A top House Republican has demanded answers on how the European Union will enforce antitrust regulations against US Big Tech firms – days after President Trump vowed to protect the industry from fines that amount to “overseas extortion.”

House Judiciary Committee Chair Jim Jordan outlined his concerns about Europe’s Digital Markets Act in a Sunday letter to EU antitrust chief Teresa Ribera. The EU was asked to brief the committee on the issue no later than March 10.

The DMA targets seven companies determined to be the internet’s “gatekeepers” – Google parent Alphabet, Amazon, Apple, Booking.com, TikTok parent ByteDance, Meta, Microsoft – with special rules meant to boost competition with smaller rivals and give consumers more choices. Critics allege the law is too restrictive and stifles innovation while targeting US companies.

“We write to express our concerns that the DMA may target American companies, and we request a briefing to understand the commission’s approach to enforcing the DMA,” Jordan said in a letter co-signed by antitrust subcommittee chair Rep. Scott Fitzgerald.

Under the law, EU regulators can impose massive fines of up to 10% of a company’s global revenue for a first offense and 20% for repeated violations. That amounts to tens of billions of dollars for companies like Sundar Pichai-led Alphabet and Mark Zuckerberg’s Meta.

Jordan noted that six of the seven “gatekeepers” are American firms or wholly-owned subsidiaries – and argued that the law’s provisions will “benefit Chinese and European companies that are not subject to the regulations.”

“These severe fines appear to have two goals: to compel businesses to follow European standards worldwide, and as a European tax on American companies,” the letter said.

Jordan’s letter also mentioned that a separate law, Europe’s Digital Services Act, “seeks to censor political speech both in and outside the United States.”

The EU’s enforcement actions toward US firms have contributed to heightened tensions with the Trump administration.

Trump signed a memorandum last week noting that his administration will “consider responsive actions like tariffs to combat the digital service taxes (DSTs), fines, practices, and policies that foreign governments levy on American companies.”

“President Trump will not allow foreign governments to appropriate America’s tax base for their own benefit,” the White House said.

The European Commission, the EU’s competition watchdog, is set to charge Google for violations of the DMA after proposed changes to tactics related to its online search business failed to assuage regulators.

Given Alphabet’s overall revenue of roughly $350 billion in fiscal 2024, a fine of 10% would amount to a whopping $35 billion.

The commission also charged Apple and Meta last year with alleged violations of the DMA.

Zuckerberg recently grumbled about the situation during his appearance on “The Joe Rogan Experience” podcast – and said Trump should push back on the fines.

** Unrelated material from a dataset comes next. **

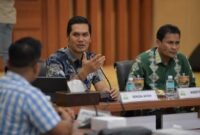 Sekda Aceh, M. Nasir, S.IP, MPA menggelar rapat koordinasi (rakor) penyelenggaraan program Makan Bergizi Gratis (MBG) di Aceh bersama Kepala Badan Gizi Nasional (BGN) Regional Aceh, Koordinator Wilayah MBG serta para Kepala Satuan Tugas (Satgas) MBG kabupaten/kota, di Gedung Serbaguna Kantor Gubernur, Kamis, (22/1/2026).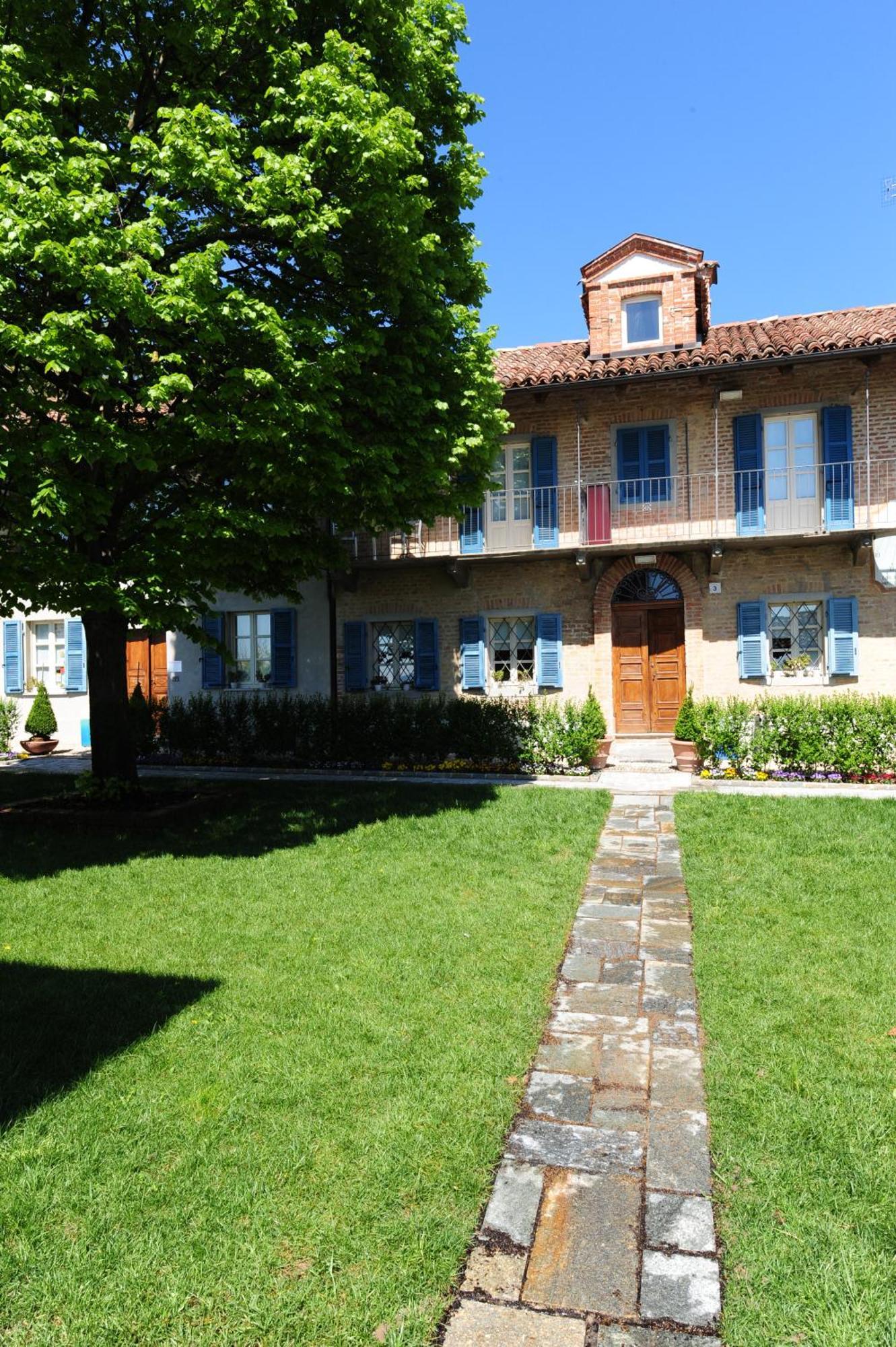 La Madernassa Resort - Casalora Dimora Storica Di Charme Guarene Eksteriør bilde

“I think it’s a strategic advantage for the United States that we have a lot of the strongest companies in the world, and I think it should be part of the US strategy going forward to defend that,” Zuckerberg said. “It’s one of the things I’m optimistic about with President Trump is, I think he just wants America to win.”

US Big Tech firms have regularly faced massive fines in Europe in the recent past.

Last year alone, Google lost a fight to overturn a $2.7 billion fine for stifling rival shopping services, but succeeded in challenging a separate $1.7 billion fine related to its digital advertising empire.

Elsewhere, Apple was given a $2 billion antitrust fine for allegedly “abusing a dominant position” in the music streaming industry through its App Store practices. That case arose from a complaint by Spotify.